Secondly—this is the point which will reassure the hon. Gentleman more than anything else—someone who tried to do this would be open to imprisonment, which is even worse than the fine the hon. Gentleman suggests. A person committing this kind of offence would be open to interdict, which, if granted by the court, could lead to imprisonment for such a breach.
I have shown, I hope, to both hon. Members that there is a penalty which is waiting for anybody who tries to do this, but that it seems extremely improbable that anybody would be so unwise as to buy the equipment and start taking water without a licence and think that he could get away with it. Although I understand the reason why the hon. Gentleman put this point forward—discussion on the point has been useful—I do not think that the Amendment would be a useful addition to the Bill.
§ Mr.

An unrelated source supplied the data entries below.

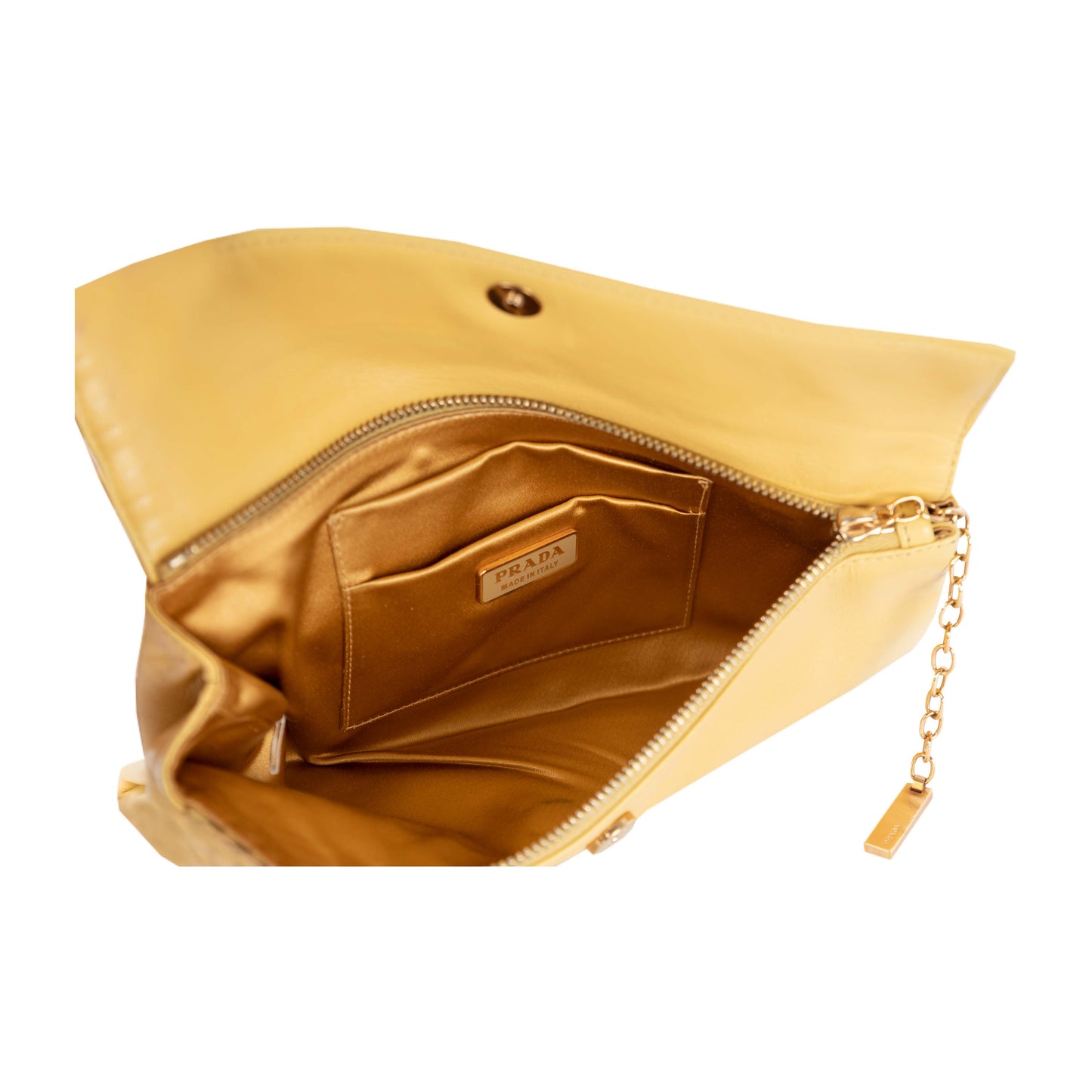 Prada Envelope Clutch Clutch Bag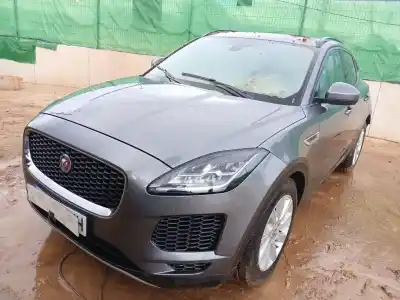 Scrapping Vehicle jaguar e-pace (x540) 2.0 d150 of the year 2018 powered 204dtd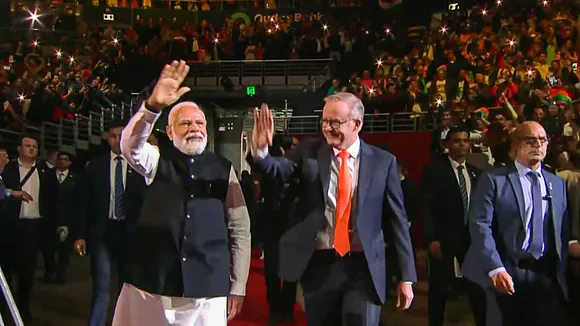 Modi, Albanese laud achievements of Indian-origin leaders in Australia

W. Hamilton
This is another example of the difficulty we are in when Report and Third Reading are to follow immediately after Committee stage. The Under-Secretary and my hon. Friend the Member for Dunbartonshire, East (Mr. Bence) made a powerful case against the man who has a valid licence and then misuses it. Had I heard the Under-Secretary's explanation before I tabled the Amendment, I would certainly have sought to alter the £50. If the Chair is prepared to accept a manuscript Amendment to that effect on Report to alter the £50 in the Bill as it stands, I should be happy about it.
§ Mr. Campbell
I hope that the hon. Gentleman took the point that someone who contravenes a licence is subject to revocation of the licence. To someone who has bought extensive equipment and embarked upon spray irrigation, that is probably a much worse penalty than the fine.
§ Mr. Hamilton
That may well be. It is an arguable proposition. Precisely because it is an arguable proposition, I should like to take an Amendment on Report. At the moment, unless the Chair is prepared to accept a manuscript Amendment—indeed, Sir William, you 1665 said that you were not in a position to rule on this—
§ The Chairman
As the hon. Member and the Committee are well aware, the matter of Amendments, either manuscript or otherwise, being selected on Report is for Mr. Speaker and not for the Chairman of Ways and Means.
§ Mr. Hamilton
I am obliged, Sir William. This emphasises the difficulty we are in. The Under-Secretary has been very reasonable. I hope that I am not unreasonable about this. I appreciate that revocation might be a sufficient deterrent. On the other hand, it might not be. To put up the amount to £50 would not necessarily increase the deterrent. It would simply give the courts more discretion. A court might think an offence sufficiently serious to impose a fine but not to revoke the licence.
If the figure is too low, as I think it is, the courts could use discretion either to impose what might be thought an insufficient fine or to invoke the much too serious penalty of revoking the licence. If they are given wider discretion the courts may say that a fine of £200 is a serious penalty but not so serious as revocation of a licence and therefore sterilisation of expensive equipment. Because of that, I hope that the hon. Gentleman will reconsider the position between now and Report stage.
§ Amendment negatived.
§ Clause ordered to stand part of the Bill.